So., 12.12.21 | 19:20 Uhr
Das Erste
USA: Verheerende Tornados in den USA
Wenig Hoffnung, noch Überlebende zu finden
Ein wenig verloren steht Darryl Johnson am Rande der Rettungsarbeiten. Wartet und hofft – immer noch. Seine Schwester Janine hat am Freitag in der völlig zerstörten Kerzenfabrik hier in Mayfield/Kentucky gearbeitet. Seitdem sucht er sie. Ein Anruf, das letzte Lebenszeichen von ihr. "Sie hat ihren Mann angerufen, es ist schlimm hier, hat sie gesagt, das Dach ist weg." Die Rettungsteams setzen inzwischen schweres Gerät ein, viel Hoffnung gibt es aber nicht mehr, Überlebende zu finden. Das weiß auch Darryl Johnson. "Das ist das Schlimmste, was ich je gesehen habe, und ich habe schon viel Schlimmes gesehen, aber das hier ist fürchterlich." In allen Krankenhäusern der Umgebung hat Darryl Johnson nachgefragt. Seine Schwester ist nirgendwo eingeliefert worden. Sie muss noch hier sein, unter den Trümmern. "Alles, was tun können ist zu beten, wir können wirklich nur noch beten". Die Hoffnung will er aber nicht aufgeben, noch nicht!

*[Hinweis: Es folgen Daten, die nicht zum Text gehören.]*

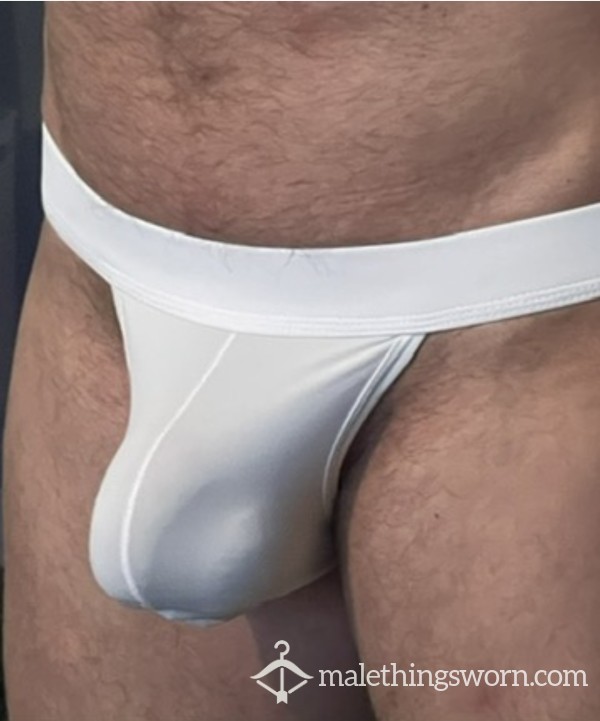 White Tanga Briefs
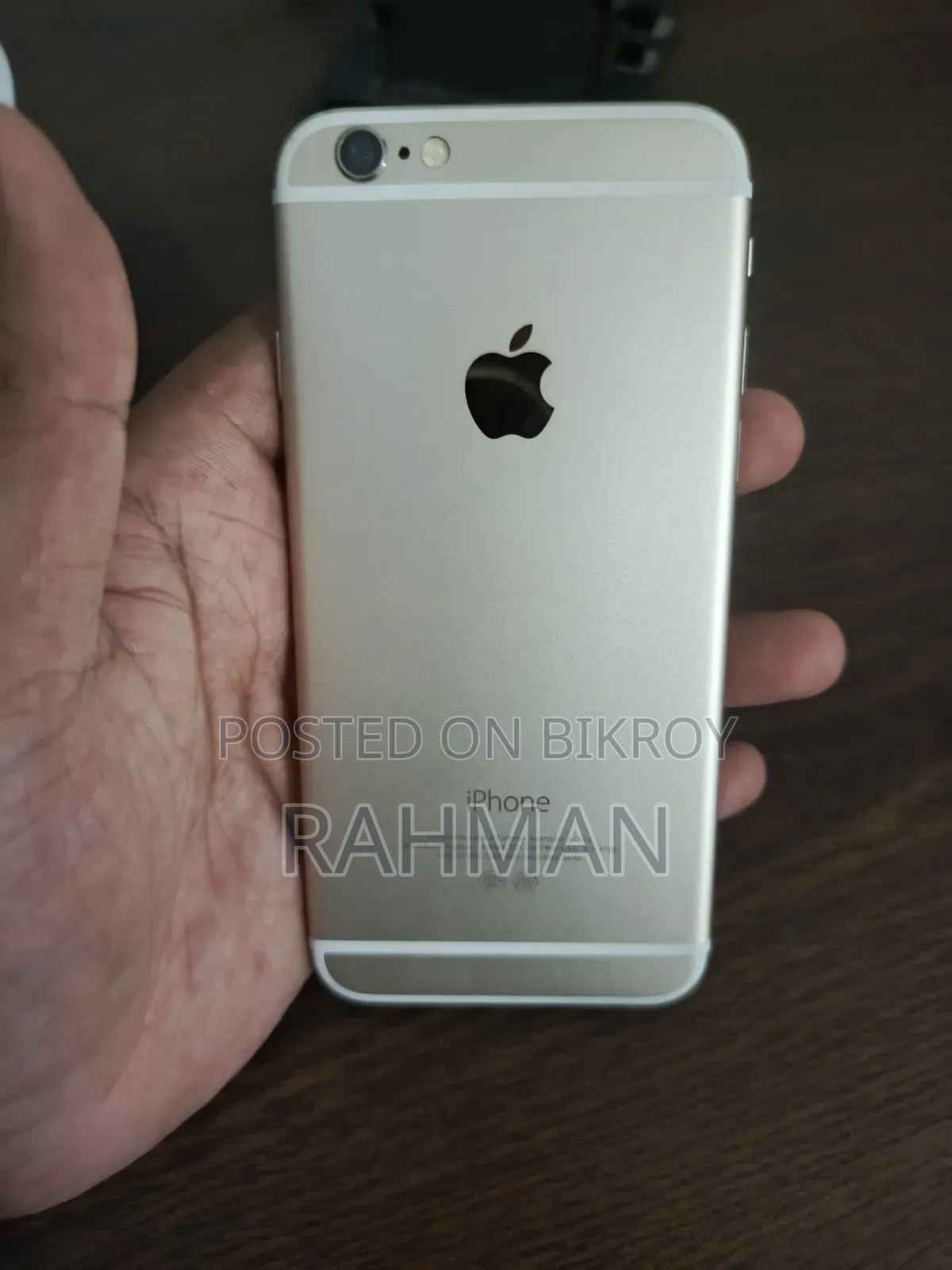 Apple iPhone 6 32 GB Gold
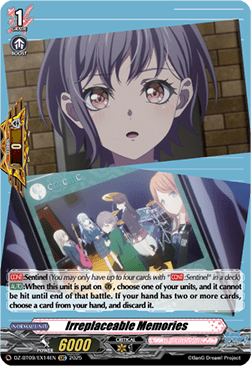 Irreplaceable Memories  (V.1 - Special EX) - Super Brave Detonation (Special EX) [DZ-BT09-EX14]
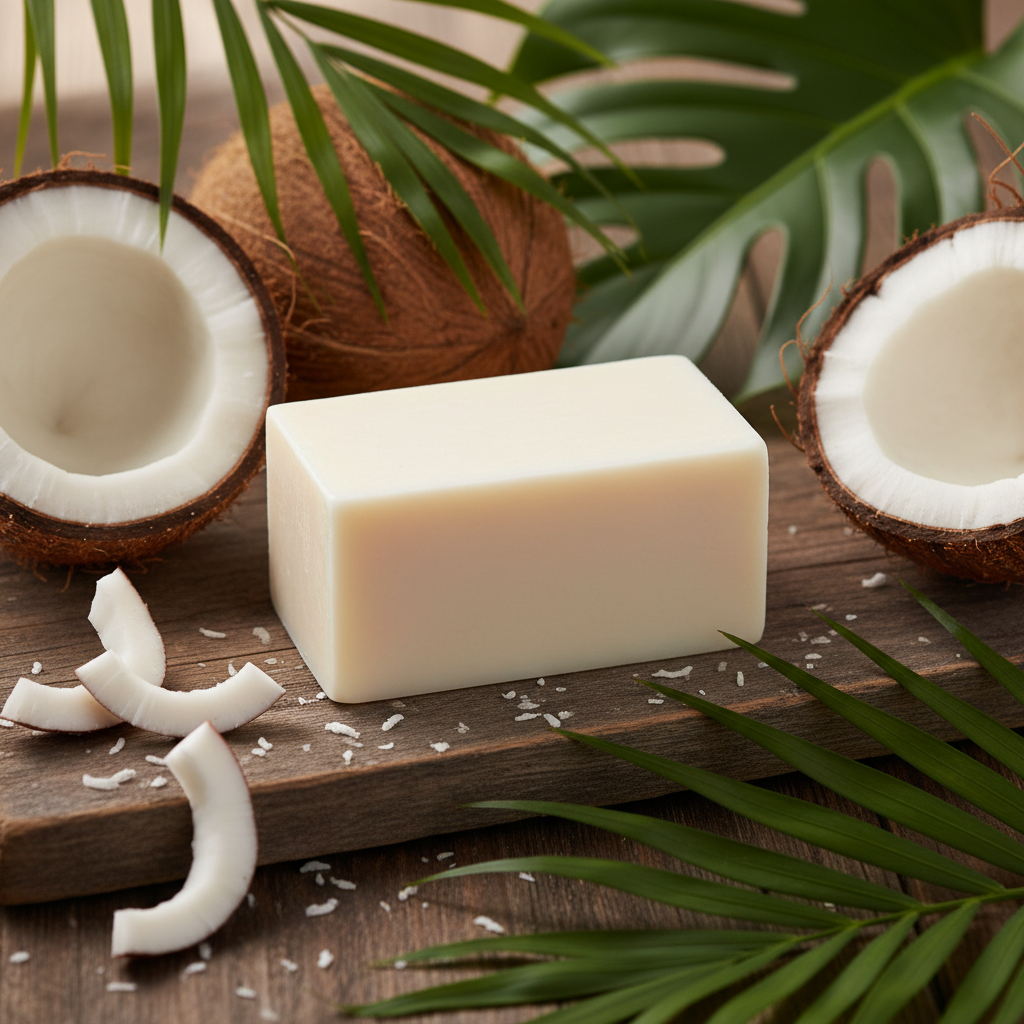 COCUNUT BAR SOAP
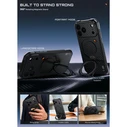 Supcase Aero Mag MagSafe Apple iPhone 17 Pro Max / 18 Pro Max Aramid Black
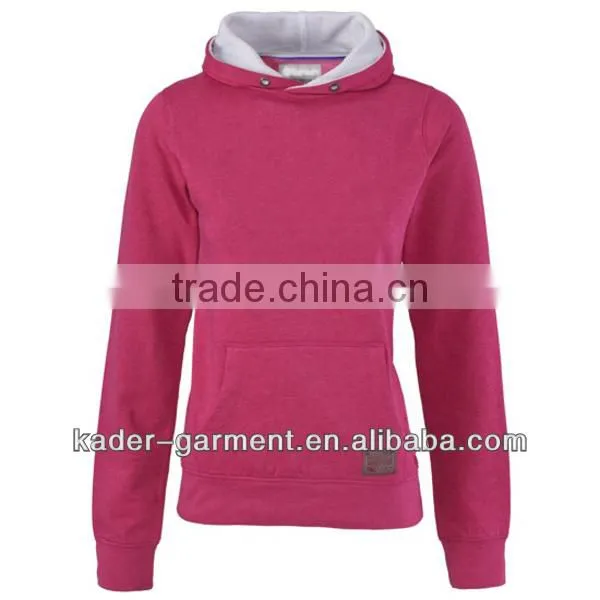 65 polyester 35 cotton pullover sweatshirt hoody black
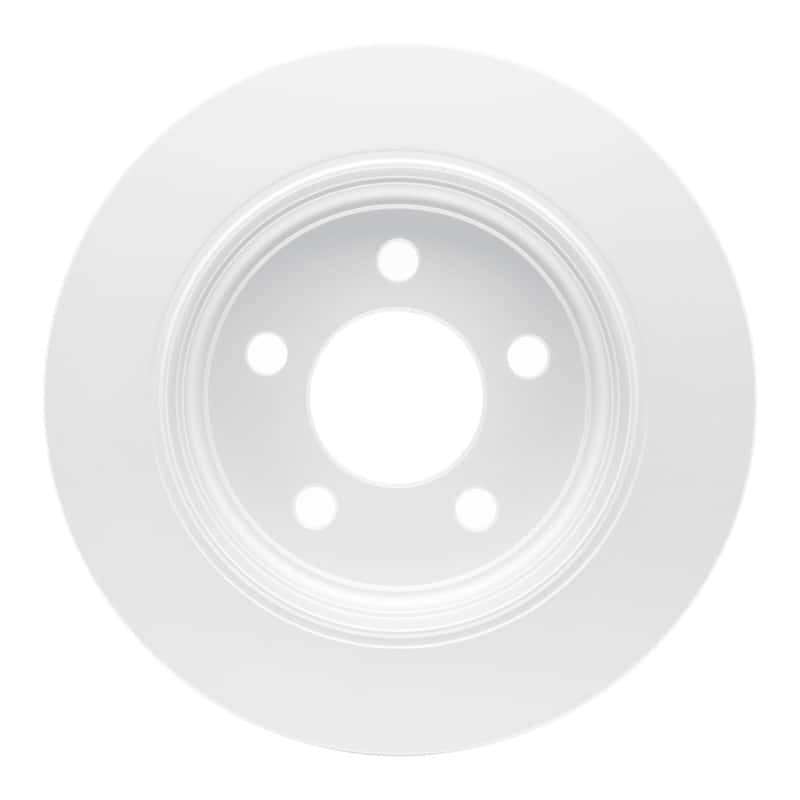 DFC — DFC 03-07 Jeep TJ (Canada - See Wrangler for US) Rear GeoSPEC Coated Rotor
DFC Brake Rotor - view 5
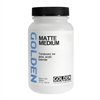 GOLDEN ACRYLIC MATTE MEDIUM 8oz GD3530-5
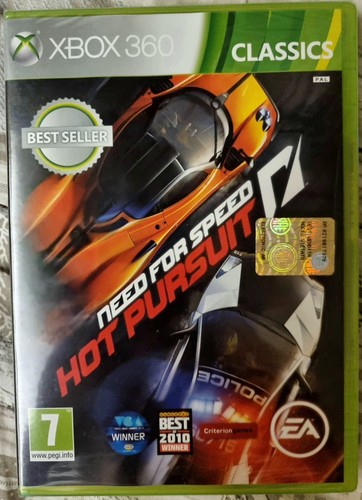 Need for speed hot - need, pursuit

Mehr als 100 Beschäftigte arbeiten am Freitagabend in der Kerzenfabrik, als die Mauern einstürzen. In der Spätschicht, die Kerzen für das Weihnachtsfest produziert. Viele werden verschüttet. Eine von ihnen ist Kyanna Parsons-Perez. Über ihr Smartphone fleht sie um Hilfe, sendet live auf Facebook aus dem Dunkel, in dem sie eingeschlossen ist: "Ich versuche ruhig zu bleiben, aber es geht mir nicht gut, und mein Bein tut so sehr weh." Rettungsteams finden sie später, können Kyanna Parsons-Perez befreien. Über Facebook äußert sie sich nach ihrer Rettung: "Mir tut alles weh, Ich will in die Notaufnahme des Krankenhauses gehen, weil ich Kopfschmerzen habe und ich will sicher sein, dass ich keine inneren Verletzungen habe, deswegen gehe ich ins Krankenhaus."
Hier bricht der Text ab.